In an interview with our German sister site Reifenpresse.de, Markus Bast confirmed the “massive impact” of both the Covid-19 pandemic and Ukraine conflict upon Michelin’s manufacturing costs in Germany. Bast, managing director and B2B sales director for the company’s DACH (Germany, Austria, Switzerland) region, mentions increased energy costs as well as higher logistics and raw material prices and rising administrative and personnel costs. But that’s not all.
“There are also significant bureaucratic hurdles in Germany, which have an additional unfavourable impact, both financially and in terms of personnel. For example, the Ministry of Economics (the Federal Ministry for Economic Affairs and Climate Action) polices around 12,000 reporting requirements for German industry.”

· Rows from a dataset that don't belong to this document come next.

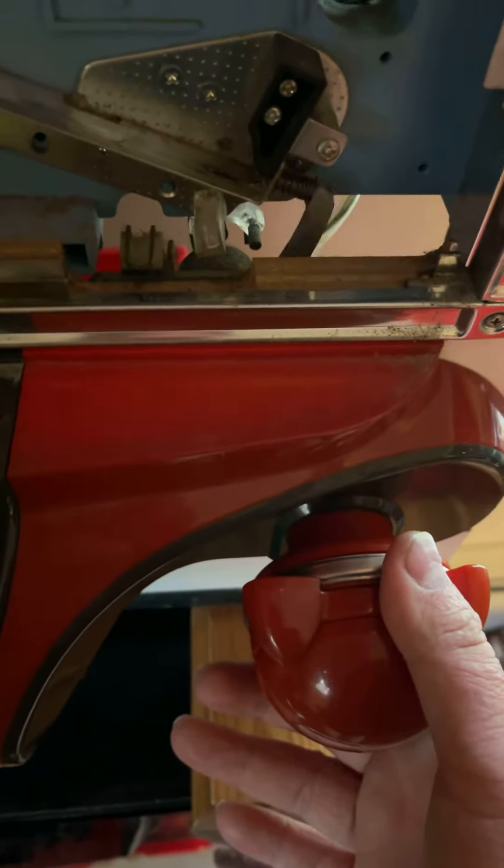This is the puncher mechanism here — that's how it punches the balls. Really cool. So yeah, that's pretty much it. I'm going to clean this now and I'll do a review on it later. Bye!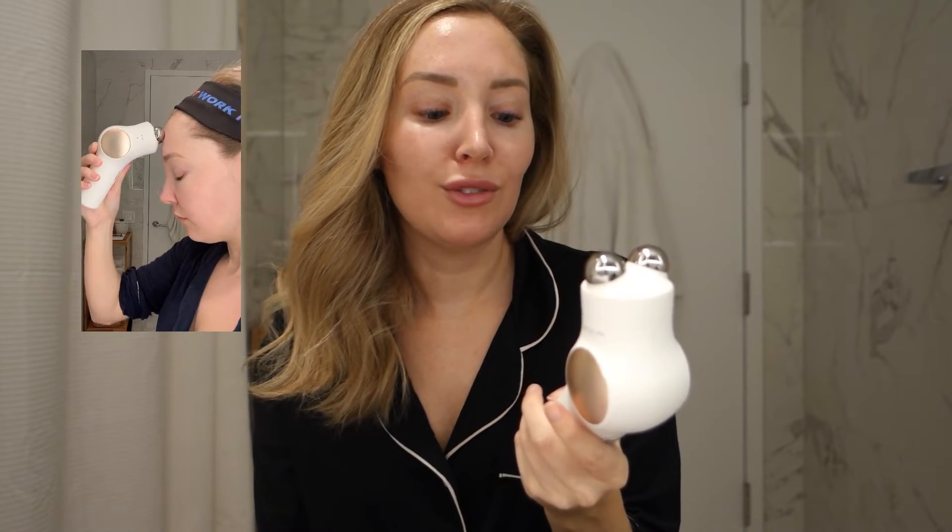Next up is the microcurrent ring, which is really popular right now. A lot of people really love their NuFace, the Foreo. I don't personally use microcurrent — I don't love it. It says it lifts, tones, and firms, and it definitely does in the moment, but it's not long lasting. If I were to use it, I'd use it more for the facial massage aspect, similar to the percussive therapy. Is this going to make it so you don't need Botox? No, absolutely not. But it feels good and definitely plumps in the moment. If you're a fan of microcurrent, this is very nice.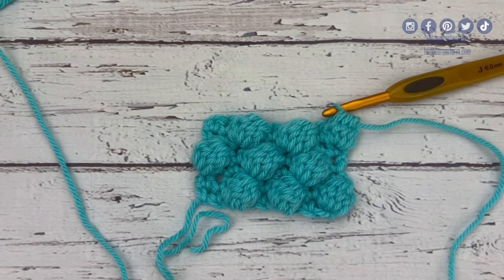Hey guys, it's Rachel from Hope Corner Farm. By day, I'm a home ec teacher who teaches hundreds of students how to crochet, quilt, sew, and cook, and today I'm going to teach you how to complete the honeycomb stitch in crochet.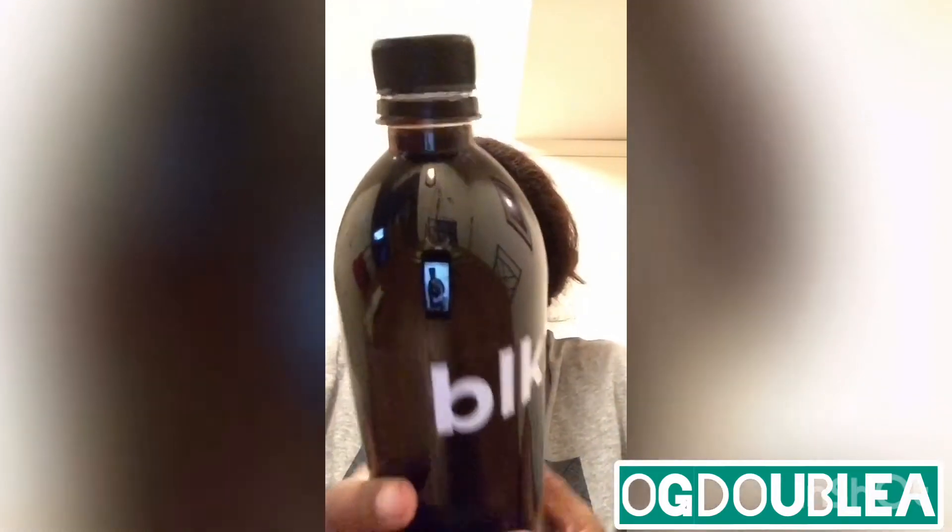Anyways, let's review it. You know, see what's in it — what's hidden for you. The pH level is 8.0, and it's a blend of perfect trace minerals, hydration, and electrolytes.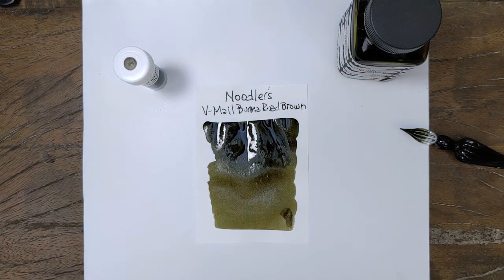Burma Road Brown is best described as an olive green — olive drab, I guess, would be the best way — the military color of olive drab. But it's considered a brown. Off the nib it comes across as a dark color. It's hard to discern exactly what it is — a darkish greenish brown. We'll give that a minute to dry and then I'll see if I can find some comparisons. It's a tough one to compare to, so I'll be back in a minute.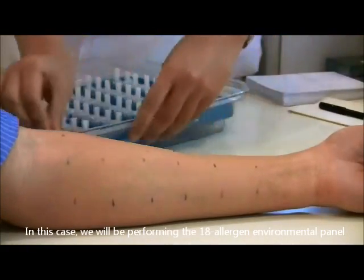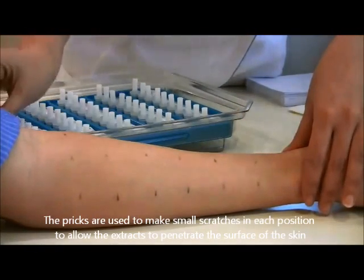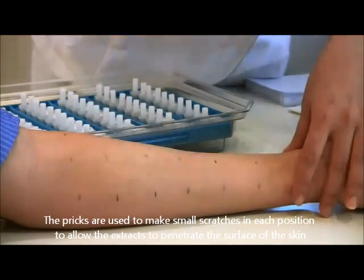In this case, we will be performing the 18 allergen environmental panel. The picks are used to make small scratches in each position to allow the extracts to penetrate into the surface of the skin.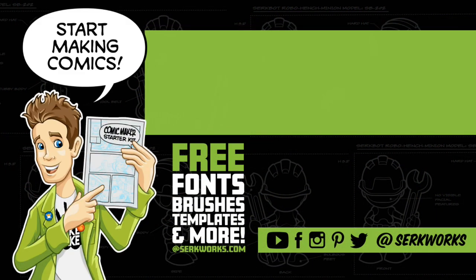Thanks for watching. If you like what you saw and you want to see more, hit that subscribe button. You can also follow me at CirqueWorks on social media, and now you can support the work I do on Patreon. Do you like making comics? Then go to CirqueWorks.com and pick up the Comic Maker Starter Kit — it's packed full of fonts, brushes, templates, and more. Best of all, it's totally free.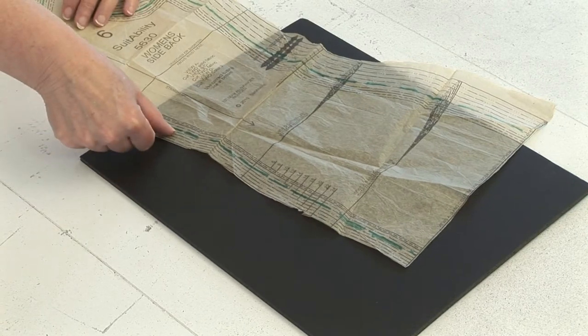Hi, I'm Peg Johnson, owner of Show Clothes Unlimited. This is the fourth in our series of how to sew your own show clothes. Today we're going to be doing a front zip princess seam show jacket based upon the Simplicity pattern 5630, but modified.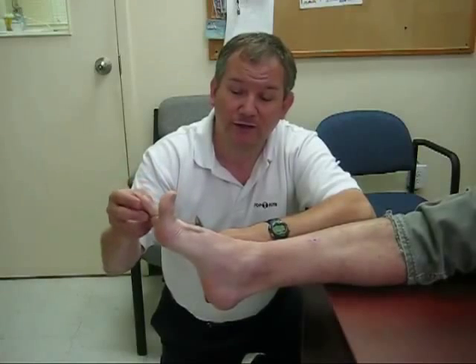Remember, an abnormal Babinski reflex in an adult would be where the big toe fans upward and the others fan out. You should not see that in an adult. That's the Babinski reflex. Thanks.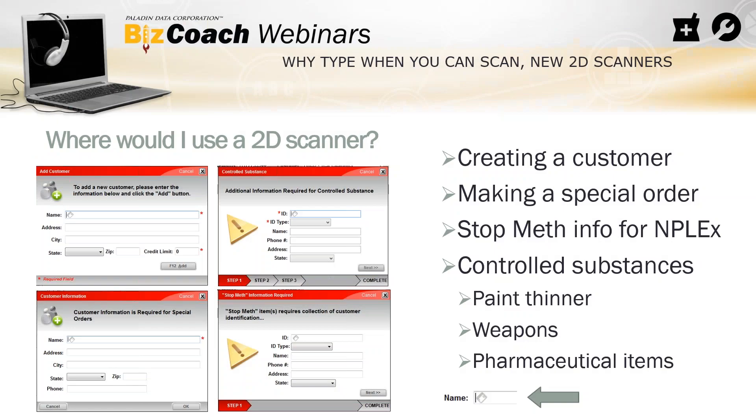Where do you use it in the system? A couple different places. First one is creating a customer. That's F2 in the customer module. It brings up the create a customer screen, and you can just scan the back of the ID and it'll collect all that information and put it in the right spot. All you have to do is scan, hit F12, and it'll add the customer.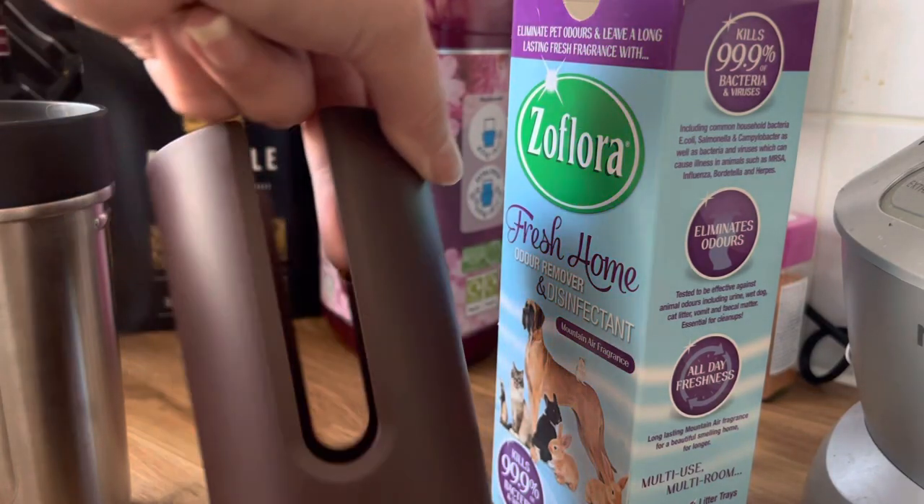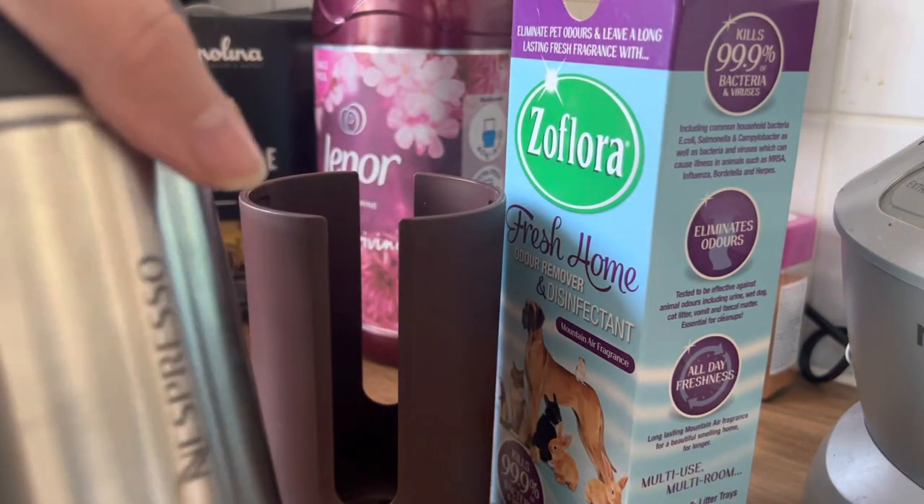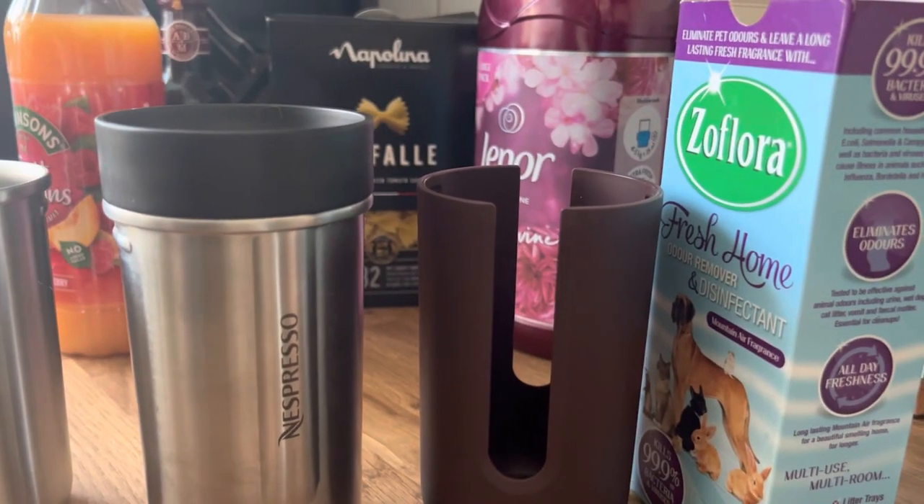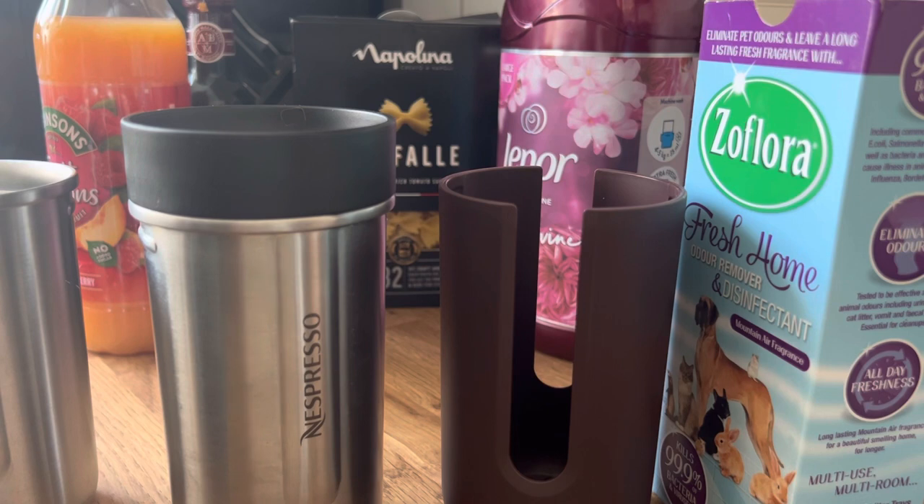I recently did a video on the Espresso Nomad — how to get the sleeves off your cups. Someone recommended putting a hole in it, but that's just a hassle and it will eventually degrade the plastic.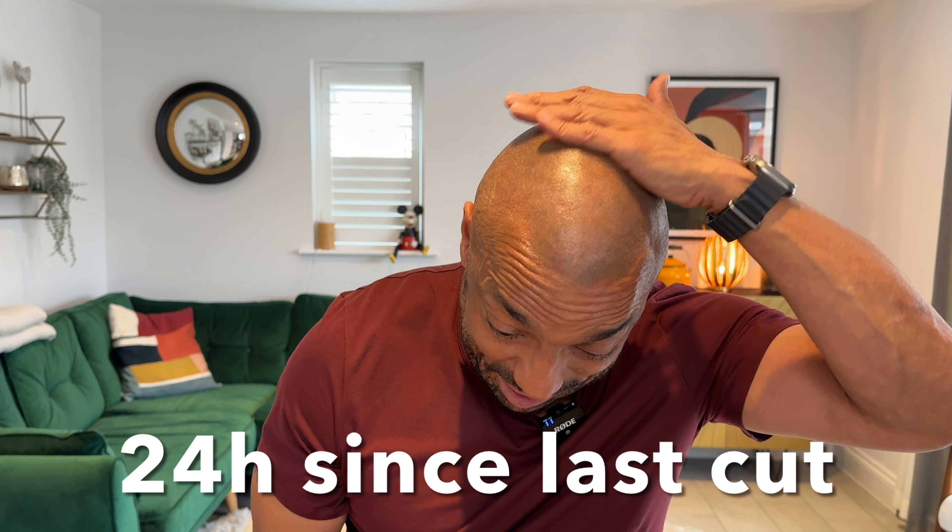If you haven't guessed already, this is now my new shaver, and that means it saves me time in two ways. Firstly it's just quicker — it's half the time. Secondly it means I can cut my hair more often if I want to; rather than every five days I might cut my hair every four days. And when I do cut my hair I just feel like I'm getting a much better finish than I was getting with my old shaver.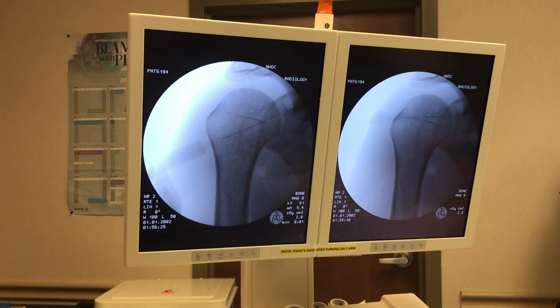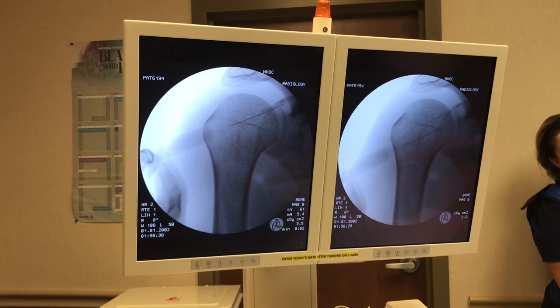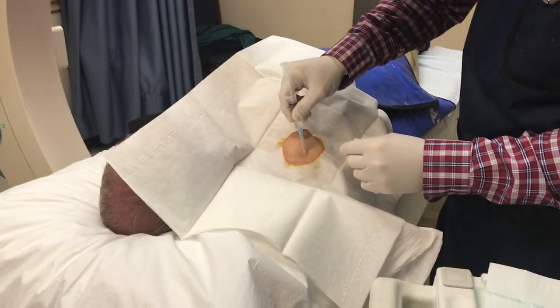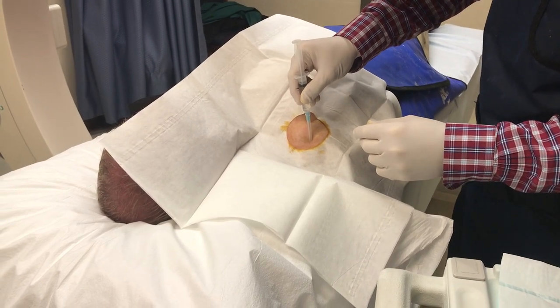We're going to move that needle again. Now move over a little bit — X-ray. You can see I'll make a little mark in the shoulder where the needle's going in. I have my placement at the superior humeral head there.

By the end of 2025, Michelin will close its plants in Karlsruhe and Trier, stop producing new tyres and semi-finished products in Homburg and move its DACH region customer contact centre to Poland. These measures will affect more than 1,500 employees. Bast says that investments made by Michelin, in-house measures and the workforce’s commitment helped it long maintain production at these sites in the face of negative external factors. “Our employees can be proud of this. However, the bitter reality is that all these joint efforts are no longer enough to offset rising manufacturing costs and strong competitive pressure.”